* **PROBLEM REQUIREMENTS**
Write out exactly, and only, the lines from the one containing "UFOにさらわれる猫さん 手帳型スマホケース" through the last line of the listing below.

- Opening Delimiter -

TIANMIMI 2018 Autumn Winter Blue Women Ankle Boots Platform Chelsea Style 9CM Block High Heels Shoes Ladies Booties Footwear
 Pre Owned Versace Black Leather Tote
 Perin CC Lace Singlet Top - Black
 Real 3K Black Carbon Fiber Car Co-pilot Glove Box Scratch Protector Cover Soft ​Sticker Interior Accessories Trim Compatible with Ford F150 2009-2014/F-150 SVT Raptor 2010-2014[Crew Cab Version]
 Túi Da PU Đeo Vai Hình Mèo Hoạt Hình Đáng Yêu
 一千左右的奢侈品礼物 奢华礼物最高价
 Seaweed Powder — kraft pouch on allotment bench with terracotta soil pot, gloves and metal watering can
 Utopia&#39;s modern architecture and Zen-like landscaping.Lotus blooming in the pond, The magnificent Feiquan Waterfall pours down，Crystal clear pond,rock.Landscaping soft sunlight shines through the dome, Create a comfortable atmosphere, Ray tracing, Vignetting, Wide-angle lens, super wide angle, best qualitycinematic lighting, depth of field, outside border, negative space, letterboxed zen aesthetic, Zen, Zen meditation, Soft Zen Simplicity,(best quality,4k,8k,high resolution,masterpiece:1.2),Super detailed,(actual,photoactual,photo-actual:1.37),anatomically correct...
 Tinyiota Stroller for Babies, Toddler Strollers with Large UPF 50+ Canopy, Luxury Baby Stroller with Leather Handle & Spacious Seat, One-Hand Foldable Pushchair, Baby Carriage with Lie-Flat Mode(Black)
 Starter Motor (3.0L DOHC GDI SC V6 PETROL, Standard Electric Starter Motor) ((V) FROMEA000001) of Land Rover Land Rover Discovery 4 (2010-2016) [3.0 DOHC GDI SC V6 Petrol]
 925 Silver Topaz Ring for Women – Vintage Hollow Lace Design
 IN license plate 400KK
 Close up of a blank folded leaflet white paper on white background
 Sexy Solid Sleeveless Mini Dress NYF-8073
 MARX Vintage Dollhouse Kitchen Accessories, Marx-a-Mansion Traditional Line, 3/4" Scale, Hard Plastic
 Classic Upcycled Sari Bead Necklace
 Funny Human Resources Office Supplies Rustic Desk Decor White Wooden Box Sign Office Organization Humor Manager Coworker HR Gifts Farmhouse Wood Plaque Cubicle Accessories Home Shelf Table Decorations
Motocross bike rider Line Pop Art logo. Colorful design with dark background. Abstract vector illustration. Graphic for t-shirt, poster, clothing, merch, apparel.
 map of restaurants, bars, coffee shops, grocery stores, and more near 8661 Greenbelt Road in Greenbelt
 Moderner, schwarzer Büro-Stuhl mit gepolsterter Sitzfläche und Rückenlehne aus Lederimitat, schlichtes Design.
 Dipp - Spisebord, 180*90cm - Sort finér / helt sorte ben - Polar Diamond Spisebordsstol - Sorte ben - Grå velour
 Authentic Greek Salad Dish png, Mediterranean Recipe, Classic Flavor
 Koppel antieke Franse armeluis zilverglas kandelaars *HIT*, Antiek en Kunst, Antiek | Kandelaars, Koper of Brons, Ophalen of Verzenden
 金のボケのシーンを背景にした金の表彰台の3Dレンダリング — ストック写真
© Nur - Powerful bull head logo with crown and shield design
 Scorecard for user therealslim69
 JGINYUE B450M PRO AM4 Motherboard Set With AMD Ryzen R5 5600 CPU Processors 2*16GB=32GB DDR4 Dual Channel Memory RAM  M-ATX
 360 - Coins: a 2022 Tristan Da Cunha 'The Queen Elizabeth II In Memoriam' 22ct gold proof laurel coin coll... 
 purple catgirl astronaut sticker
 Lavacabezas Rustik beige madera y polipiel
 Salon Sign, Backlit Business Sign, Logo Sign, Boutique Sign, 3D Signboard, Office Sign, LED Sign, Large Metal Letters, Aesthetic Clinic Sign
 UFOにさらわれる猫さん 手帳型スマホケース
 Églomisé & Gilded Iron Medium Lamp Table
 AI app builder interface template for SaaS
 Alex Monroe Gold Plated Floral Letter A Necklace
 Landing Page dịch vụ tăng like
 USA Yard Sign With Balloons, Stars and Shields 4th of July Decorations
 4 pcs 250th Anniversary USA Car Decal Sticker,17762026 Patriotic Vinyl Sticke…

- Closing Delimiter -

* **YOUR RESPONSE**
 UFOにさらわれる猫さん 手帳型スマホケース
 Églomisé & Gilded Iron Medium Lamp Table
 AI app builder interface template for SaaS
 Alex Monroe Gold Plated Floral Letter A Necklace
 Landing Page dịch vụ tăng like
 USA Yard Sign With Balloons, Stars and Shields 4th of July Decorations
 4 pcs 250th Anniversary USA Car Decal Sticker,17762026 Patriotic Vinyl Sticke…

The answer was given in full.